(Dataset entries)
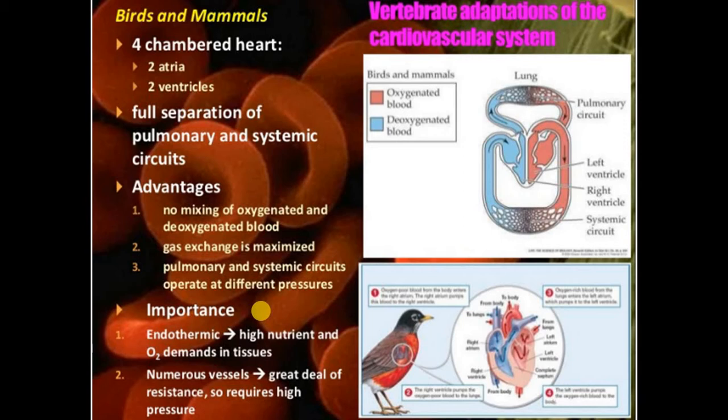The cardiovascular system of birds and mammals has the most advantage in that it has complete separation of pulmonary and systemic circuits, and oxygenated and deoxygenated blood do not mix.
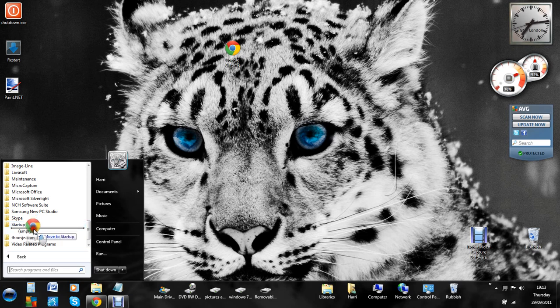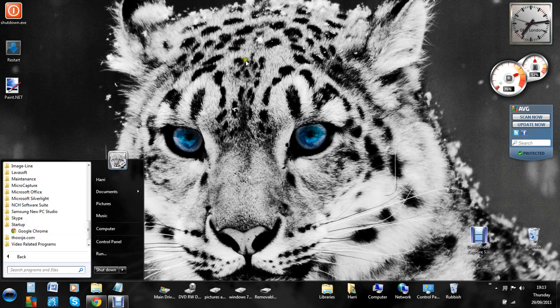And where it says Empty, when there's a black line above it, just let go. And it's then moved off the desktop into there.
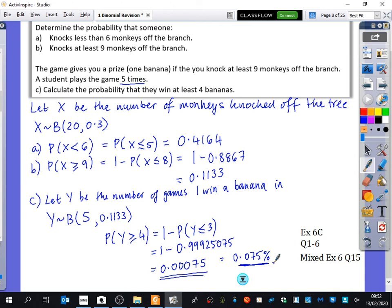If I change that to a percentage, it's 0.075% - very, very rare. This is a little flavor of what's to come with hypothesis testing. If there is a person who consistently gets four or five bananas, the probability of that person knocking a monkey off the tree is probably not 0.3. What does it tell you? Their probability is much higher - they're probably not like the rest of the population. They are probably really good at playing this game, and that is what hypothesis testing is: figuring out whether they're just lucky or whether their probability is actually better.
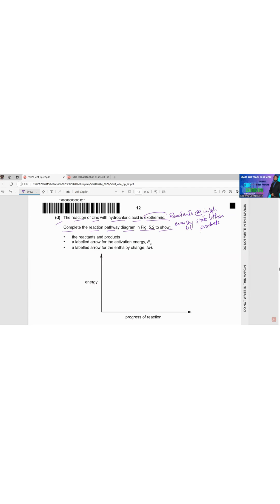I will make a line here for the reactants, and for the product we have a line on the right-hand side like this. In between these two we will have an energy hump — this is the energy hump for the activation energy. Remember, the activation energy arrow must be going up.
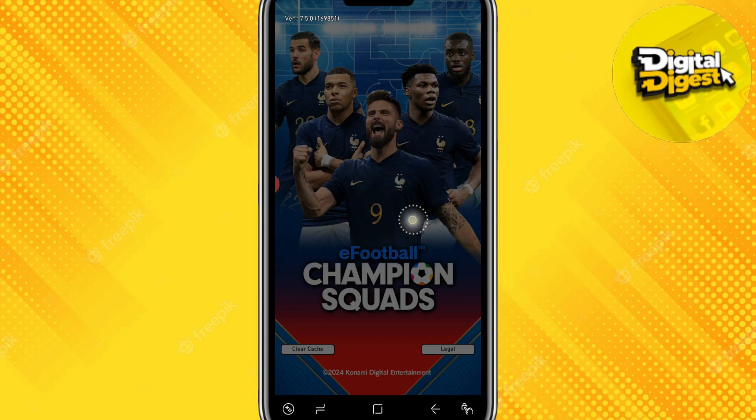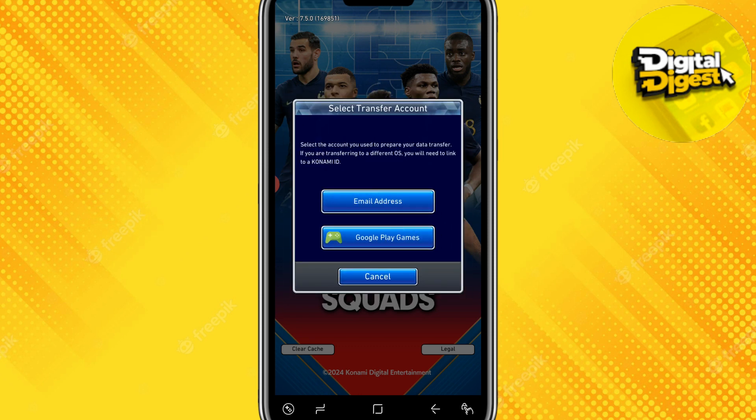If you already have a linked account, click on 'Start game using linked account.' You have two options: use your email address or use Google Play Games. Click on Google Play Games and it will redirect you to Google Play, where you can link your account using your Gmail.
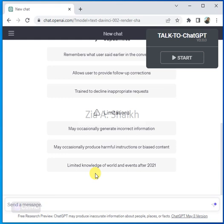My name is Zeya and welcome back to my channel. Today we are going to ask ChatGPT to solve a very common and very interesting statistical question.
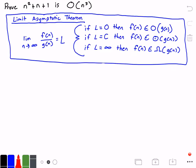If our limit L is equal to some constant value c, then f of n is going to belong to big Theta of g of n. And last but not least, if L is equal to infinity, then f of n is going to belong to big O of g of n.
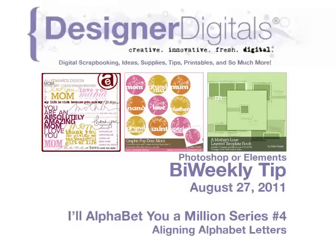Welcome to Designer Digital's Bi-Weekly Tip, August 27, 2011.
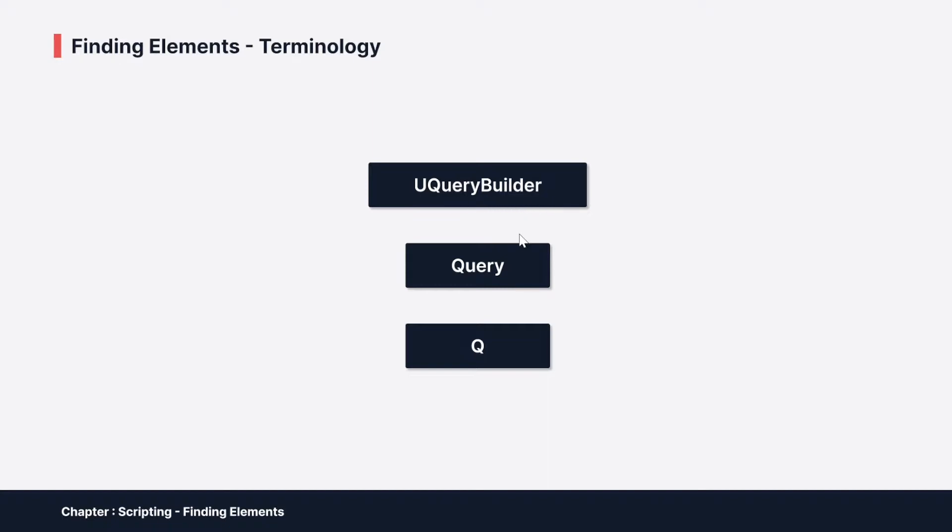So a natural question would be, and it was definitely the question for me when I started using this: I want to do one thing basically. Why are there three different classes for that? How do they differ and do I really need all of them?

Your objective: Restate the data above exactly, stripping out each image.

Solution for this problem:
The cardiovascular system of birds and mammals has the most advantage in that it has complete separation of pulmonary and systemic circuits, and oxygenated and deoxygenated blood do not mix.
And where it says Empty, when there's a black line above it, just let go. And it's then moved off the desktop into there.
If I change that to a percentage, it's 0.075% - very, very rare. This is a little flavor of what's to come with hypothesis testing. If there is a person who consistently gets four or five bananas, the probability of that person knocking a monkey off the tree is probably not 0.3. What does it tell you? Their probability is much higher - they're probably not like the rest of the population. They are probably really good at playing this game, and that is what hypothesis testing is: figuring out whether they're just lucky or whether their probability is actually better.
I will make a line here for the reactants, and for the product we have a line on the right-hand side like this. In between these two we will have an energy hump — this is the energy hump for the activation energy. Remember, the activation energy arrow must be going up.
If you already have a linked account, click on 'Start game using linked account.' You have two options: use your email address or use Google Play Games. Click on Google Play Games and it will redirect you to Google Play, where you can link your account using your Gmail.
My name is Zeya and welcome back to my channel. Today we are going to ask ChatGPT to solve a very common and very interesting statistical question.
If our limit L is equal to some constant value c, then f of n is going to belong to big Theta of g of n. And last but not least, if L is equal to infinity, then f of n is going to belong to big O of g of n.
Welcome to Designer Digital's Bi-Weekly Tip, August 27, 2011.
So a natural question would be, and it was definitely the question for me when I started using this: I want to do one thing basically. Why are there three different classes for that? How do they differ and do I really need all of them?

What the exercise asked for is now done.